Input records below:

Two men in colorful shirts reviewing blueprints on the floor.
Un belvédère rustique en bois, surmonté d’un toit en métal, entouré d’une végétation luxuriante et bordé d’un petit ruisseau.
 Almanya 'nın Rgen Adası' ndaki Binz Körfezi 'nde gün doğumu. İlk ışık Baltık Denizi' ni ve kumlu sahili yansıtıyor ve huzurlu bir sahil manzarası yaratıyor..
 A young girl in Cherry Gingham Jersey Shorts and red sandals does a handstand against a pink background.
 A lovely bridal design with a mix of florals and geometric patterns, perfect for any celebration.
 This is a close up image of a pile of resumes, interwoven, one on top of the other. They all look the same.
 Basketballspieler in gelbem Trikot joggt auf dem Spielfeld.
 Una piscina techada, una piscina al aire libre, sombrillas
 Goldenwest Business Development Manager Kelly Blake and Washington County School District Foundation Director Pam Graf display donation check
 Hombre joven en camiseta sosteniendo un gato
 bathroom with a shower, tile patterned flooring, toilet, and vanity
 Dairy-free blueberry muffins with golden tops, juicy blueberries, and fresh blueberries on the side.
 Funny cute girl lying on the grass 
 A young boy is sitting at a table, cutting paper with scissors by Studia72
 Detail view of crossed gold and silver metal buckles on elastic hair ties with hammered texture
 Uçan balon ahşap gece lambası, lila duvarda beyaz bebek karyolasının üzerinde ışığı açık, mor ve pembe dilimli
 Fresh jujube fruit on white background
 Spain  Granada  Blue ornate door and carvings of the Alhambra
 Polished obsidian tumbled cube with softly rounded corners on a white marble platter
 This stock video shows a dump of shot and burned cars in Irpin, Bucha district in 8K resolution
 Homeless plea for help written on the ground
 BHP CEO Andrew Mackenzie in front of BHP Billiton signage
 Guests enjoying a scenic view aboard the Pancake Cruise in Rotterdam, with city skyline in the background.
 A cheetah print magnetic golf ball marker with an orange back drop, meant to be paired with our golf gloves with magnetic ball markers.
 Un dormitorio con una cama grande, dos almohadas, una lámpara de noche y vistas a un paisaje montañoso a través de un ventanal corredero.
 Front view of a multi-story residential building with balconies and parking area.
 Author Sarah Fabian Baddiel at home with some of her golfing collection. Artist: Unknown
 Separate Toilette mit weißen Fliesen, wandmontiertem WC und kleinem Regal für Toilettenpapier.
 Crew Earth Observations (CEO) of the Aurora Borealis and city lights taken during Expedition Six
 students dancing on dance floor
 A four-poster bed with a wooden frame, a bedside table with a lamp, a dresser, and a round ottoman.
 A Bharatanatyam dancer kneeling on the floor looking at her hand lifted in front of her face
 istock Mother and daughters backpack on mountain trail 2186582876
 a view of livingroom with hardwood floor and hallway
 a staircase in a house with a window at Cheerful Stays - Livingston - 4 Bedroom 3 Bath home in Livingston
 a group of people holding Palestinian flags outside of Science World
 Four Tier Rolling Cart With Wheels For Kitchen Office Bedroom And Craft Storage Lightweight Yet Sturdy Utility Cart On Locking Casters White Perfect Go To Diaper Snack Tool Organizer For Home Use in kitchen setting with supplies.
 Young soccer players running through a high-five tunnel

End of Input records.

Copy range, inclusive: the line holding "a view of livingroom" to the line holding "a group of people". Reproduce exactly those lines of the records above and no others.

Solution to the problem =
 a view of livingroom with hardwood floor and hallway
 a staircase in a house with a window at Cheerful Stays - Livingston - 4 Bedroom 3 Bath home in Livingston
 a group of people holding Palestinian flags outside of Science World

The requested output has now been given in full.